Nous sommes la seule entreprise à avoir un projet et une étude de faisabilité en cours aux Etats-Unis, dans l'Ohio. Nous comptons la Nasa parmi les 25 plus gros actionnaires du projet. L'étude de faisabilité se prolonge car un deuxième Etat, dont je ne peux pas vous révéler le nom, s'y est greffé.

"Nous restons bien moins chers qu'une LGV"

A vous entendre, tout semble presque facile. Ne rencontrez-vous aucun obstacle sur votre chemin ?

Il y a encore beaucoup d’inconnues, comme des normes réglementaires à définir. La technologie n’est pas le principal défi, c’est même, dans un certain sens, le plus simple. Nous entrons désormais dans le concret. Nous avons approché 12 pays dans le monde, chacun avec ses propres réglementations, sa situation politique, ses problématiques…

Nous visons des certifications et sommes la seule entreprise avec un tel projet à avoir travaillé avec une société de niveau mondial dans le domaine, TÜV SÜV, et la compagnie d’assurance Munich Re. Nous les avons embarquées avec nous pour voir si notre projet était assurable et certifiable, pour circuler non pas dans dix ans, mais dans quelques années seulement [les trois entreprises ont d’ores et déjà déposé leurs propositions de réglementation à l’Union européenne, NDLR].

Bibop Gresta, Hyperloop TT
Bibop Gresta, Hyperloop TT Bibop Gresta, Hyperloop TT (JULIEN FALSIMAGNE)

Le coût et le retour sur investissement ne sont-ils pas des freins ?

A ceux qui disent que l'hyperloop n'est pas faisable parce qu'il serait trop cher, je leur réponds « Je vous emmerde ». Nos calculs montrent qu'il est non seulement moins cher qu'une ligne à grande vitesse (LGV), mais en plus nous misons sur un retour sur investissement de quinze à vingt ans. Le prix n'est donc pas un problème. Parler d'un coût au km n'a aucun sens puisque les situations ne sont nulle part les mêmes. Cela peut aller du simple au double.

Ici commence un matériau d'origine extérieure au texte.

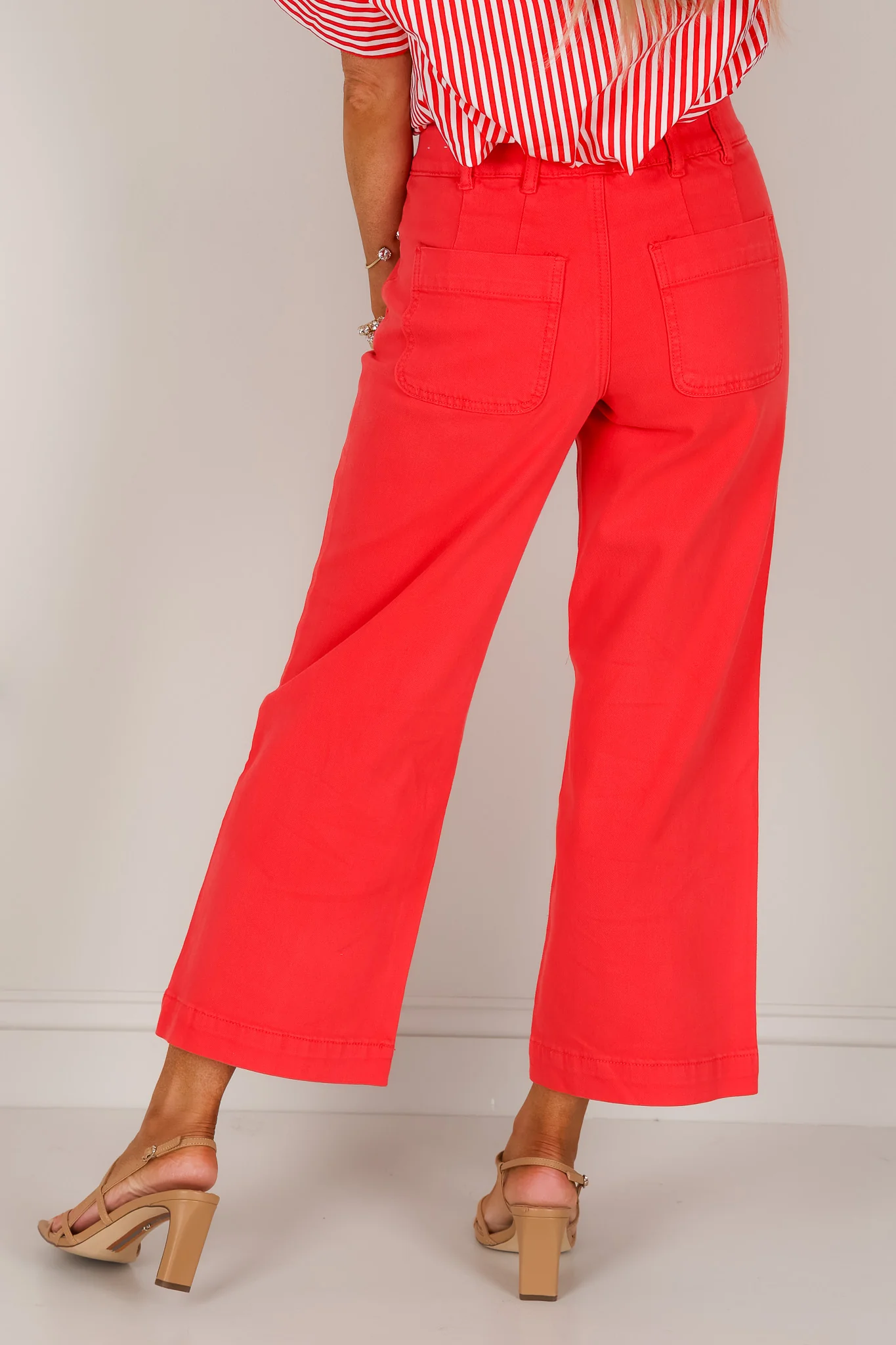 Tribal Sophia Coral Red Hugging Cropped Pant - Image 3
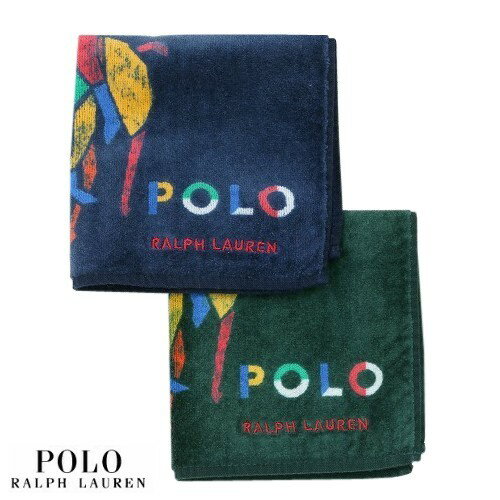 POLO RALPH LAUREN ポロ・ラルフローレン カラービッグポニー タオルハンカチ 2枚セット 紺×緑 22/12/3 151222【ネコポスで送料無料】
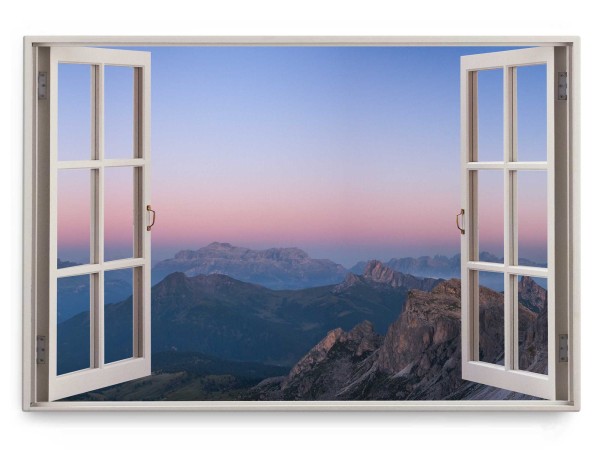 Wandbild 120x80cm Fensterbild Berge Bergkette Gebirge Sonnenuntergang Natur
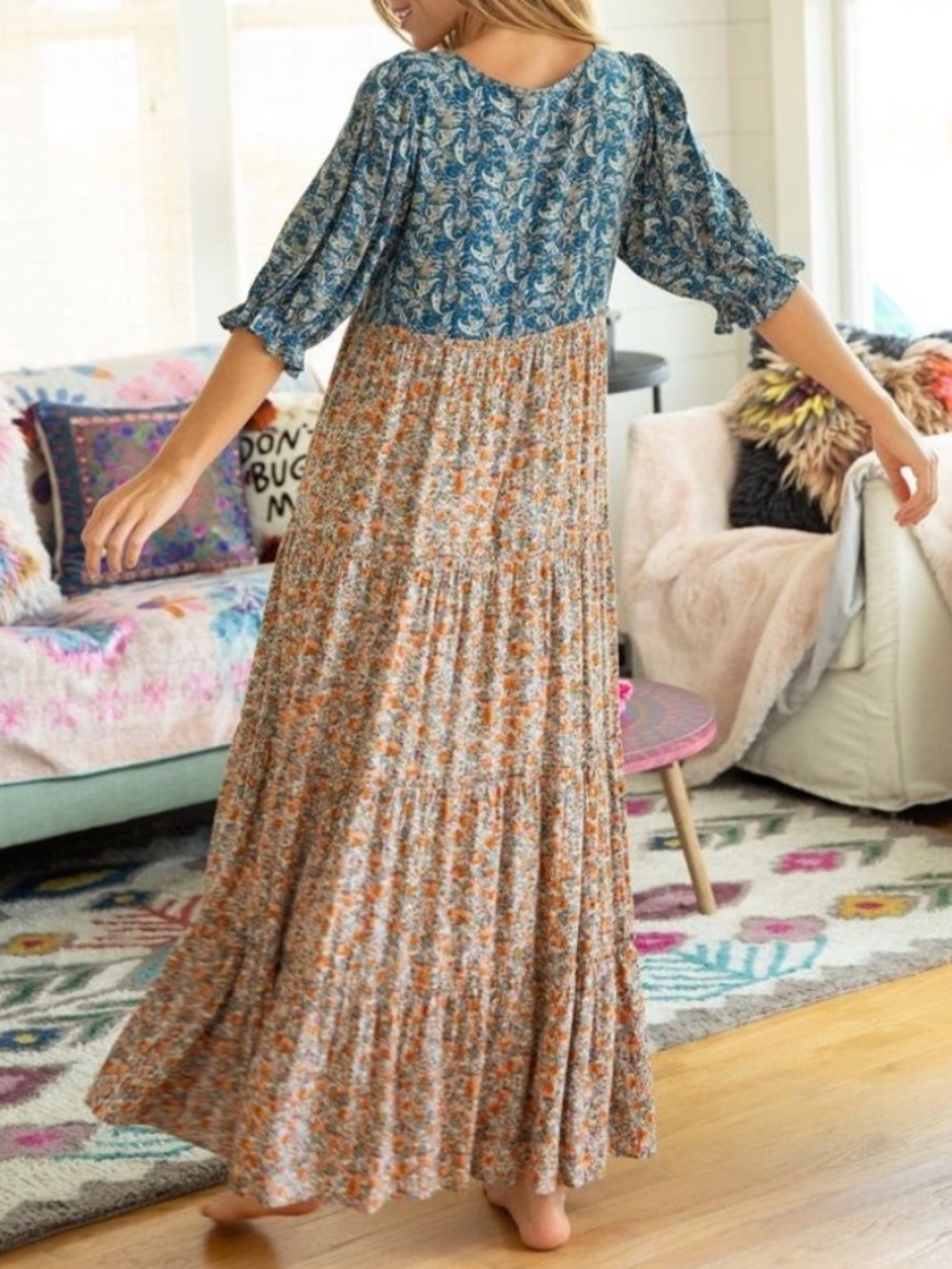 Natural Life Collette Floral Tiered Maxi Dress - Picture 2 of 7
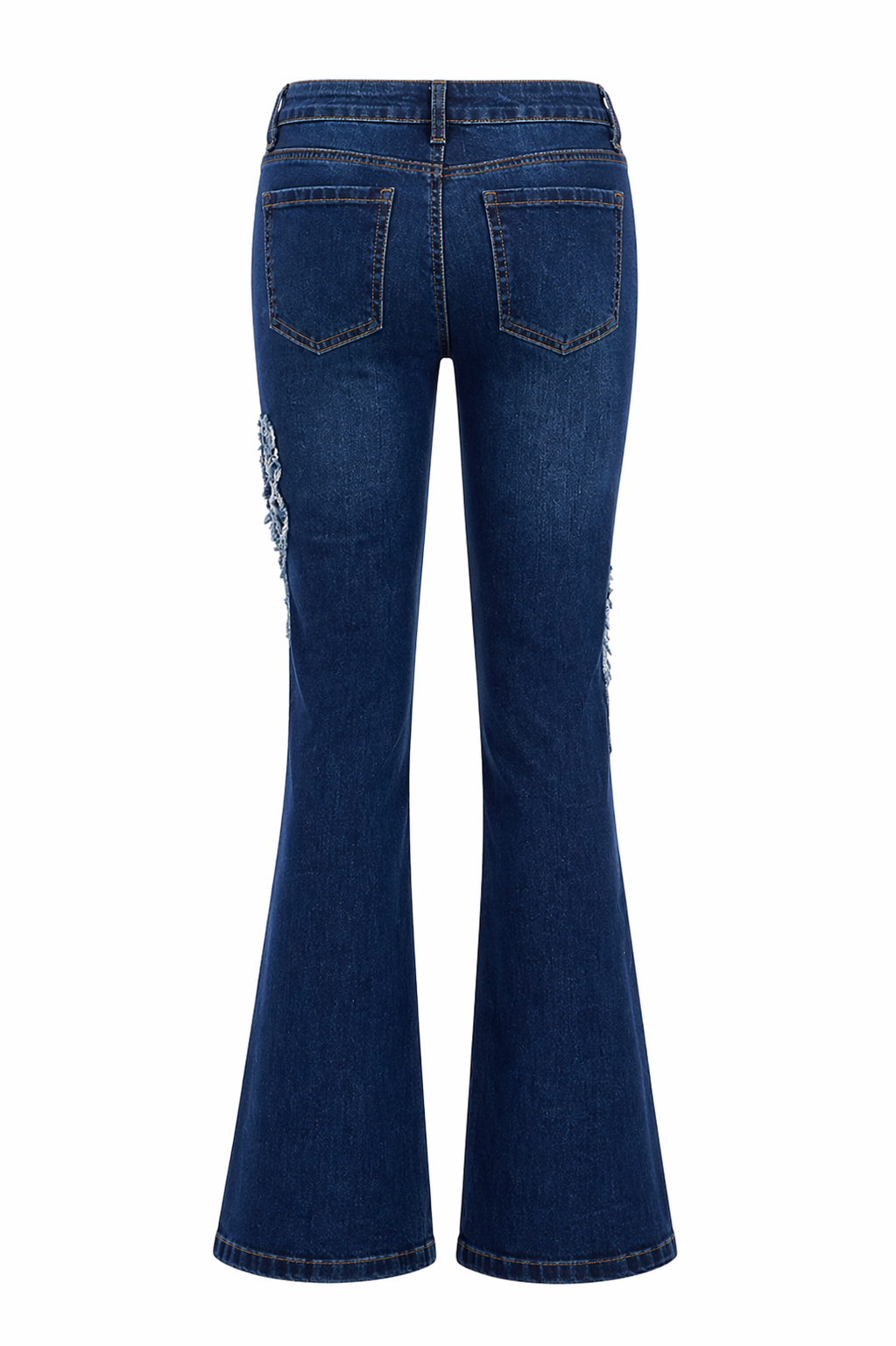 Flare Denim With Butterfly Appliques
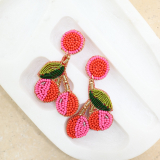 Beaded Cherry Earrings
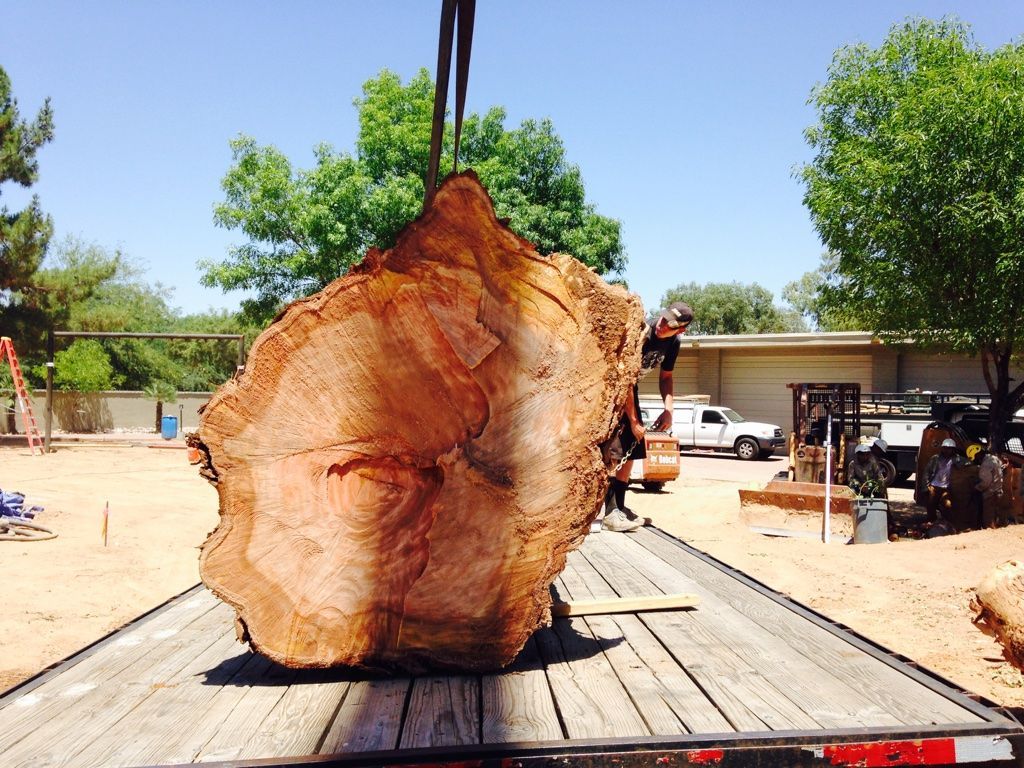A large, cut tree trunk being lifted onto a trailer by a crane, outdoors on a sunny day.
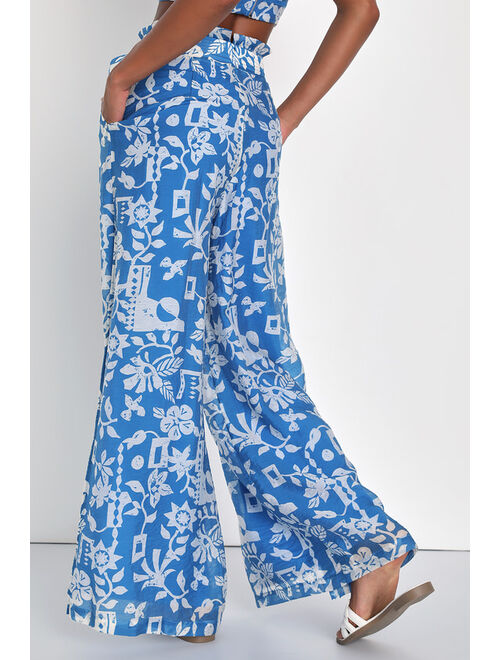 Lulus Sweet Retreat Blue Print Slit Wide-Leg Pants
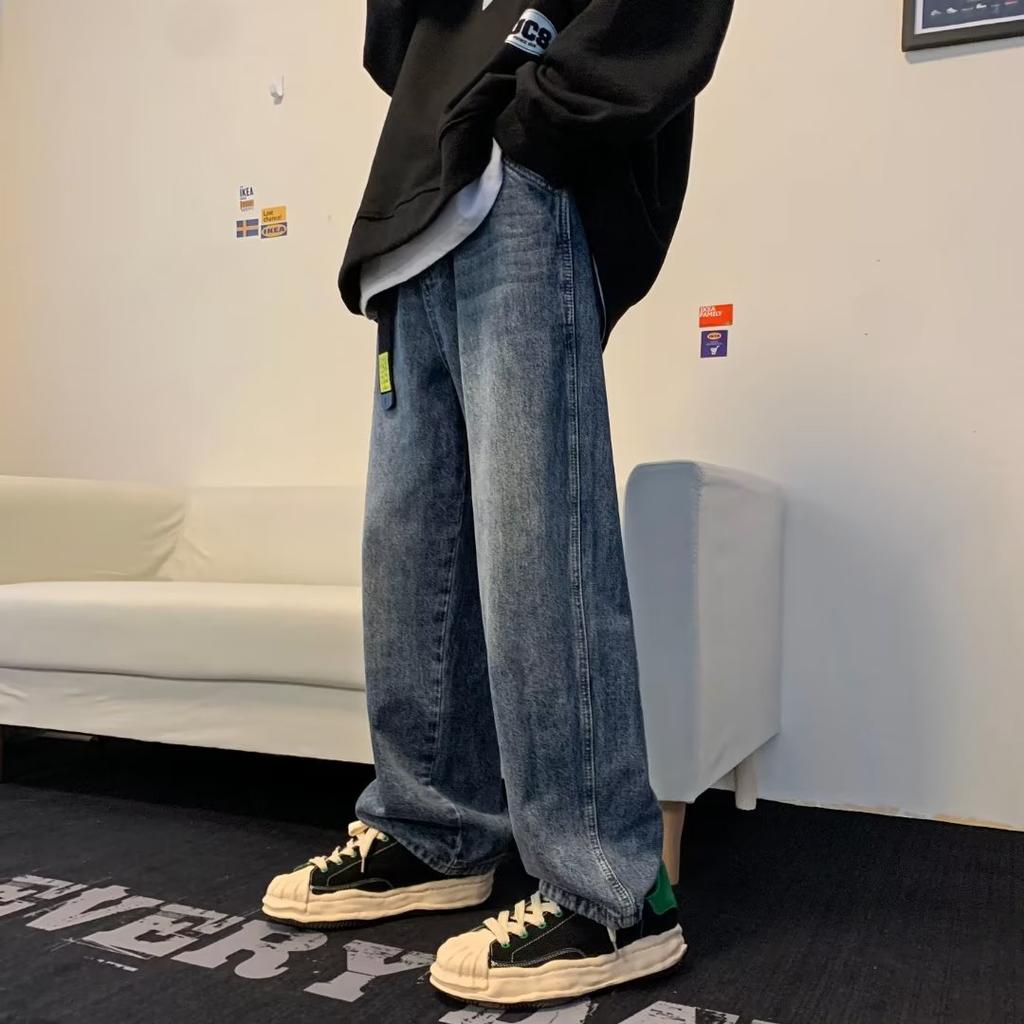 Jeans Men's Autumn New Hong Kong Style Ins Trend Loose Wide-leg Pants Fashion Ruffian Handsome Casual Straight Trousers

Nous restons cependant bien moins chers qu'une LGV, dont la construction ne représente que 20 % des coûts totaux. En considérant qu'il faut changer les rails et entretenir la voie tous les vingt ans, en un siècle, vous avez reconstruit votre ligne deux fois ! Vous ne récupérez jamais votre investissement, et l'infrastructure ne vous rapporte rien. Sans compter l'organisation que cela implique et l'électricité à injecter dans le système.

Cette équation économique n’entraîne-t-elle pas un prix du billet plus élevé ?

Pas du tout puisqu’à Abu Dhabi, pour une ligne à 4 stations, le prix du ticket a été fixé à 70 dirhams (17 €). Il a été calculé que 80 000 personnes emprunteraient chaque jour la ligne. Dans les études qui ont été présentées au Cheik, les revenus tirés de l’énergie produite par les panneaux solaires que nous installerons le long de la ligne n’ont pas été comptabilisés. Les chiffres du retour sur investissement étaient déjà trop bons ! En fait avec cette énergie, vous subventionnez le ticket. J’espère que votre scepticisme est apaisé. Et je vous le dis : même si je suis tué, l’hyperloop verra le jour. Non pas dans des décennies mais dans quelques années.